What is being asked: Your response to the data below should hold nothing except the lines from the one containing "Main - 1452" down to the one containing "1429 July Ct, Modesto, CA 95358 photo 1", reproduced exactly and without pictures.

Given data:
- Opening Delimiter -

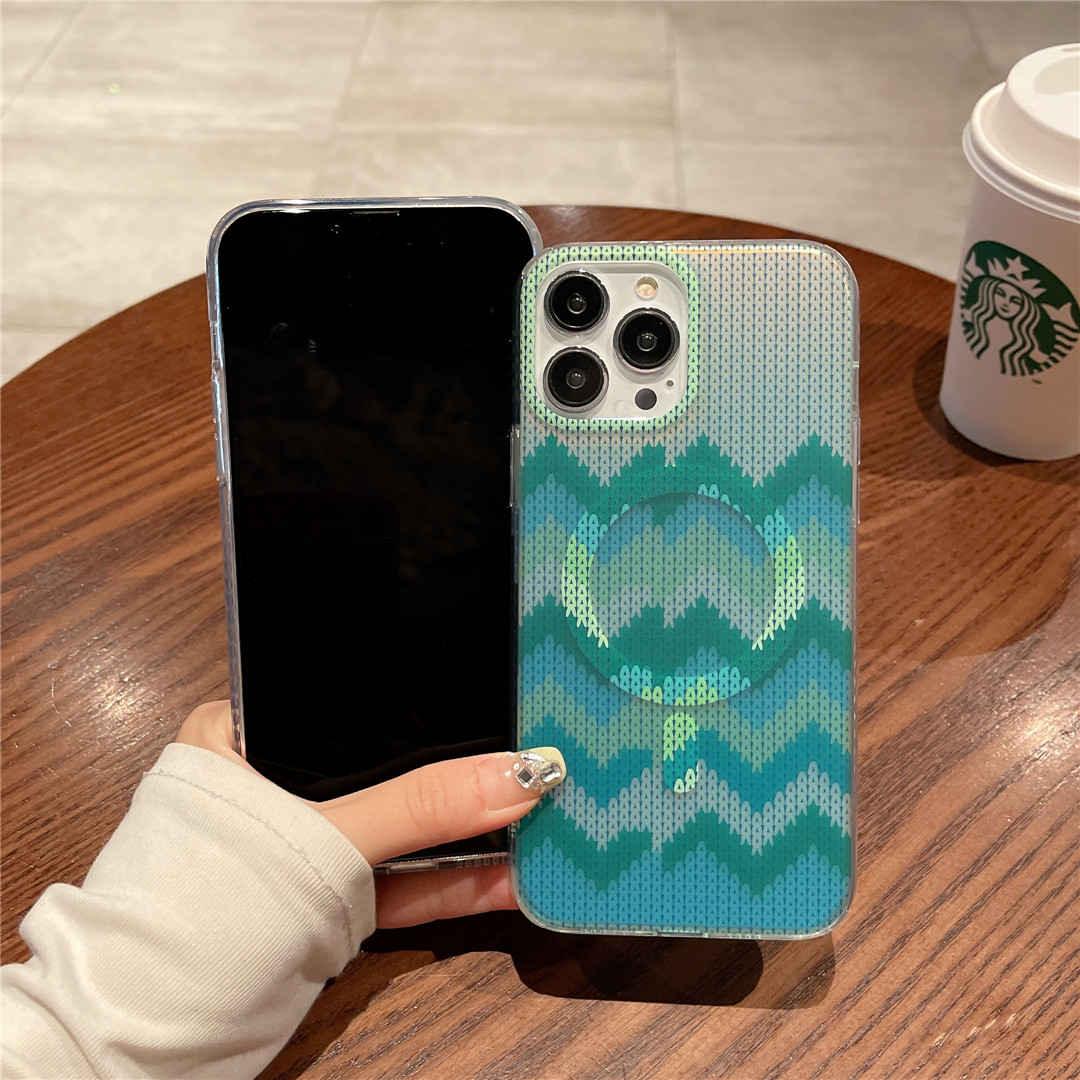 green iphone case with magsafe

- Closing Delimiter -
- Opening Delimiter -

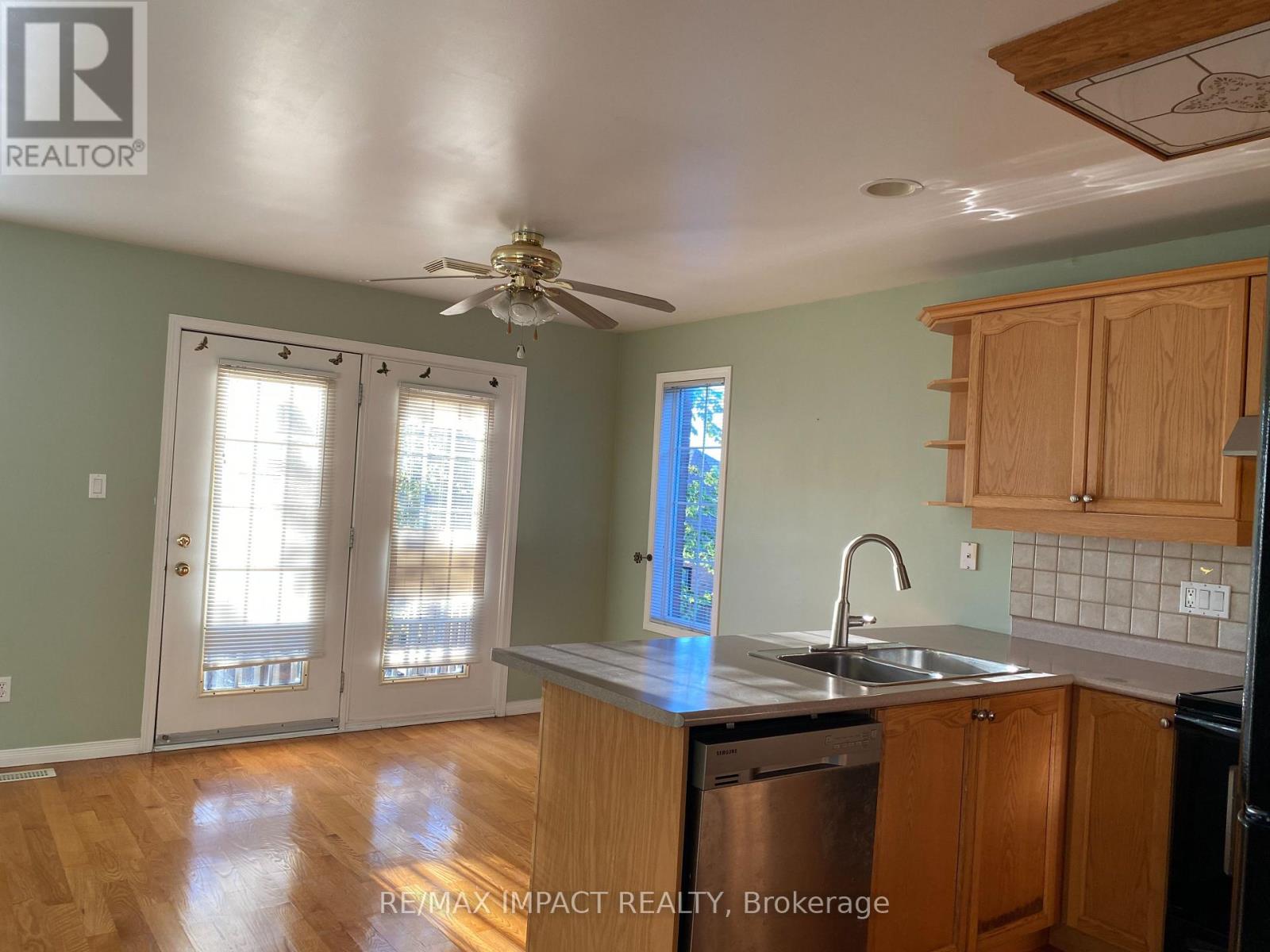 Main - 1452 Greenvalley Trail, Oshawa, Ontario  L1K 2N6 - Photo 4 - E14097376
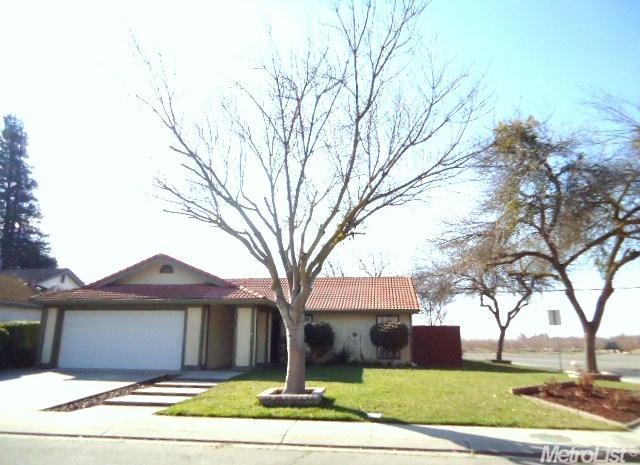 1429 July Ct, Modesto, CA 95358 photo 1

- Closing Delimiter -
- Opening Delimiter -

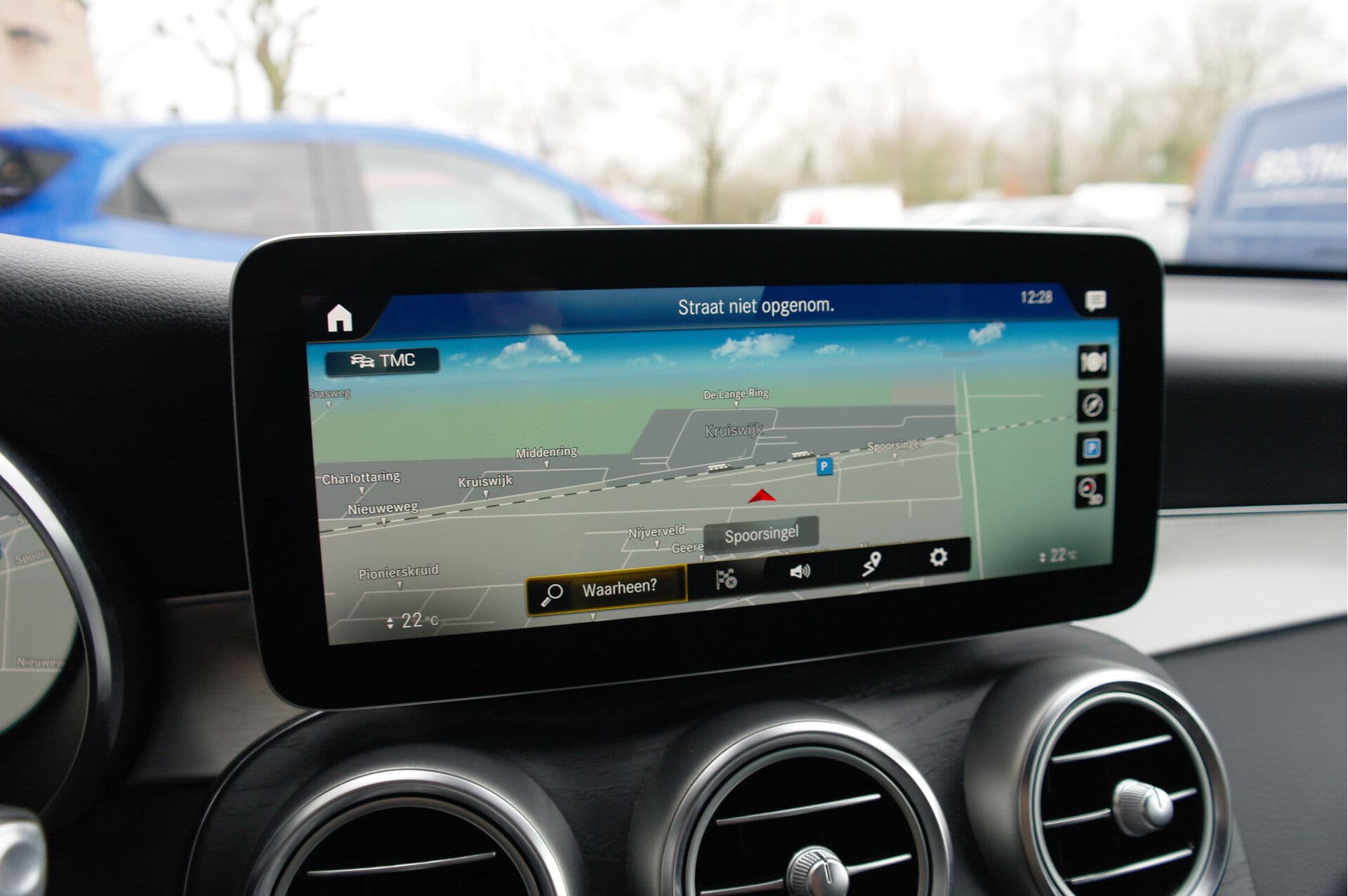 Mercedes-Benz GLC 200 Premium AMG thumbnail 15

- Closing Delimiter -

Task answer:
 Main - 1452 Greenvalley Trail, Oshawa, Ontario  L1K 2N6 - Photo 4 - E14097376
 1429 July Ct, Modesto, CA 95358 photo 1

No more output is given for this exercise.